In the late sixties he returned to Germany, bouncing between West Berlin, Frankfurt, Göttingen and Munich. Replacing the heroin with a steadily escalating booze addiction, he managed to pick up writing again. Along the way he became influenced by beat literature; as well as meeting William S. Burroughs (who helped him quit heroin), he later became friends with Charles Bukowski after interviewing him, in 1977, for German Playboy in Los Angeles.

Jörg Fauser with Charles Bukowski, date unknown. 

Fauser ended up translating some of Bukowski’s short stories into German, and the two remained pen pals; when Fauser died, Bukowski wrote a poorly composed but heartfelt homage called ‘Joe’, paying tribute to Fauser’s ‘authentic’ inner toughness—calling him ‘Cement Man’, ‘Human Tank’, and ‘Iron Guts’—in contrast to his own ‘fake’ tough guy reputation.

But to call Fauser a ‘beat writer’ or leader of the ‘German beat generation’, as many have, is to do him a disservice. Fauser had his own distinctive writing style that was distinct from the likes of Bukowski and Burroughs, more akin overall to the American crime writers like Raymond Carver and Dashiell Hammett that he also admired.

Throughout the seventies and eighties Fauser produced several novels—mostly fast-paced thrillers featuring underdog protagonists—alongside co-editing literary newspapers and penning short stories, poems, radio scripts, essays and articles. A self-confessed ‘gun for hire’ with a special passion for underground counter-culture, he also found time to translate works and song lyrics by John Howlett, Joan Baez and the Rolling Stones into German, even hitting the German pop charts with lyrics written for rock singer Achim Reichel: one of their songs, Der Spieler (The Player) from the Blues in Blond album, made it into the German top ten.

His collected journalism alone, published in 2009 by Berlin’s Alexander Verlag extends to almost 1600 pages of essays, book reviews and feuilletons. But his commercial breakthrough came in 1981 with the hardboiled crime novel Der Schneemann (The Snowman), which sold over 200,000 copies and was made into a film in 1984. He followed up with the semi-autobiographical Rohstoff (Raw Material, 1984), Das Schlangenmaul (The Snake’s Mouth) in 1985, and—just before he died in 1987—Kant, which appeared in installments in the Wiener newspaper.

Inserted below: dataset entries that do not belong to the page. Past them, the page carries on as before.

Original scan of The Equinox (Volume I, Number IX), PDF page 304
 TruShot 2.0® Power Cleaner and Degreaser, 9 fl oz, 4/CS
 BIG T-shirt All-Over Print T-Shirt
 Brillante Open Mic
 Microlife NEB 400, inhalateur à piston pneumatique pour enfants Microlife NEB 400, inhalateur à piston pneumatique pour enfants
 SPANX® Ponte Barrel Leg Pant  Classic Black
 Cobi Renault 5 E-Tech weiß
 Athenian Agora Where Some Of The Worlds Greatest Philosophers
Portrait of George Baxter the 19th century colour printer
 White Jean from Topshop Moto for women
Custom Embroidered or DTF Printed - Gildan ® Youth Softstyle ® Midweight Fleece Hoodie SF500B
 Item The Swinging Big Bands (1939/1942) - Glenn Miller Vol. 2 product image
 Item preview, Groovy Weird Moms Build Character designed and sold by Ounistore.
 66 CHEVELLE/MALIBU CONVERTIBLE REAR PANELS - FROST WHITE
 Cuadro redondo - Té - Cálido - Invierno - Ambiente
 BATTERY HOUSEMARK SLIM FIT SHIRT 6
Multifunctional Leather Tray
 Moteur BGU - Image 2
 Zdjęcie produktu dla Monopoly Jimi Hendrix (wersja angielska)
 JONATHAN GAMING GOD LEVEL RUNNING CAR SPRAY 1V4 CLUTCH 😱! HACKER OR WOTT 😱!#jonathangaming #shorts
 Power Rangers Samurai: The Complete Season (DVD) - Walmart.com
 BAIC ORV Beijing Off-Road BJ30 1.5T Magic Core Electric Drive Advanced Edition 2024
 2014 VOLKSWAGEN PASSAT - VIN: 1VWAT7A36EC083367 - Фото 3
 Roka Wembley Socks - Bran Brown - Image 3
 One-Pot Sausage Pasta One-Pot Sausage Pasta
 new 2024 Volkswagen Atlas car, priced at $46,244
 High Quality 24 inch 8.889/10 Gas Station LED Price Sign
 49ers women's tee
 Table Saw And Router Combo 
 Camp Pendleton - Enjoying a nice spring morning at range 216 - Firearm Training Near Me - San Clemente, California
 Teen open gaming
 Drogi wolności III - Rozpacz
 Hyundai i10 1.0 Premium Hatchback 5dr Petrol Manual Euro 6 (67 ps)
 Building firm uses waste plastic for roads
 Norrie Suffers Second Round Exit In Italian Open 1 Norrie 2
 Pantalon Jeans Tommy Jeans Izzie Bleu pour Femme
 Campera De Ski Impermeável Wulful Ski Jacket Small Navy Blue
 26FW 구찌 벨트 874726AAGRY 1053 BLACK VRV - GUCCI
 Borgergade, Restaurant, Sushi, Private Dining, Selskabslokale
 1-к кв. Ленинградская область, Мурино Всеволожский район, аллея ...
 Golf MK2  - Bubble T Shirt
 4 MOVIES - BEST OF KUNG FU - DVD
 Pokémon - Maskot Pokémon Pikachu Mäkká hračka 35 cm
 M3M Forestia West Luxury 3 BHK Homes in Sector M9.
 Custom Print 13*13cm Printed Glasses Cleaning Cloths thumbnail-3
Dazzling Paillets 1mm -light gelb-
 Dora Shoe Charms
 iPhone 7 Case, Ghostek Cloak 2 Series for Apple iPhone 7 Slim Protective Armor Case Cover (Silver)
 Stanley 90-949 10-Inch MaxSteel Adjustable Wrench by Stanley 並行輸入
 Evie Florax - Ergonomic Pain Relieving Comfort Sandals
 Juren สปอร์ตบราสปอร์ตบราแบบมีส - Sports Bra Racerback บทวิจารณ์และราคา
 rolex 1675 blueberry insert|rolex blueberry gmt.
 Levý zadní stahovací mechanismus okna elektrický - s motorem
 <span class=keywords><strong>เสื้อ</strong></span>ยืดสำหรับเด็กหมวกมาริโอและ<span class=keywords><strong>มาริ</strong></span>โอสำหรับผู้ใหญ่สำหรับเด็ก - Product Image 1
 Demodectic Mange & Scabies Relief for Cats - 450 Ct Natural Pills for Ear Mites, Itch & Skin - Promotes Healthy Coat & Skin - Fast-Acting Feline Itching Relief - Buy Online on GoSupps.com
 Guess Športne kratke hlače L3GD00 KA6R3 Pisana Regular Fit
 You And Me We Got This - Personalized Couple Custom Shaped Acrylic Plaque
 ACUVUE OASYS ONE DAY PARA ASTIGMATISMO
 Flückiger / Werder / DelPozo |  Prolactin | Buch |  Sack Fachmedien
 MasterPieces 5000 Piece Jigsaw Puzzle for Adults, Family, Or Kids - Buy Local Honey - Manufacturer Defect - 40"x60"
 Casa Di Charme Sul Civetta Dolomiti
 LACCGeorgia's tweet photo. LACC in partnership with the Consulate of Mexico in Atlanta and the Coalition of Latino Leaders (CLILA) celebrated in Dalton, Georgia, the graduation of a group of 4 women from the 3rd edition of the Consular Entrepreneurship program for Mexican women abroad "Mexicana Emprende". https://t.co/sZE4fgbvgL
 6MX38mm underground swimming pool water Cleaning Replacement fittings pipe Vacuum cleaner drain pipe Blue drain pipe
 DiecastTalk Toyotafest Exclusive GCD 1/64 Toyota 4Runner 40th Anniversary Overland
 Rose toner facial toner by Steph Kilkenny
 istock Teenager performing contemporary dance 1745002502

It was Raw Material that broke Fauser outside of the German-speaking world, thanks to an English translation by Jamie Bulloch published in 2014 by London’s Clerkenwell Press. The story, which has no conventional plot as such, follows Fauser’s alter ego Harry Gelb as he drifts casually around Fauser’s old haunts—Istanbul, Frankfurt, West Berlin—with an old typewriter and a novel-in-progress (Stamboul Blues), which he tries to sell to various small and generally luckless publishers. He works dead-end jobs to pay the bills, undertakes occasional romantic and sexual encounters, lives in squats, hangs out in dive bars—all the time searching for that ‘raw material’ that will keep his writing alive.

The novel is set between 1968 and 1973, a volatile time in Germany—especially in West Berlin—which was walled in by the GDR and attracted a heady mix of students, left-wing activists and underground artists, largely thanks to it being the only place in the country where military service was not compulsory. This alternative culture included left-wing societal experiments such as Schöneberg’s Kommune 1, the first political commune in Germany, and peaked politically during the student protests of 1968 and the rise of the Baader-Meinhof gang (founded in 1970).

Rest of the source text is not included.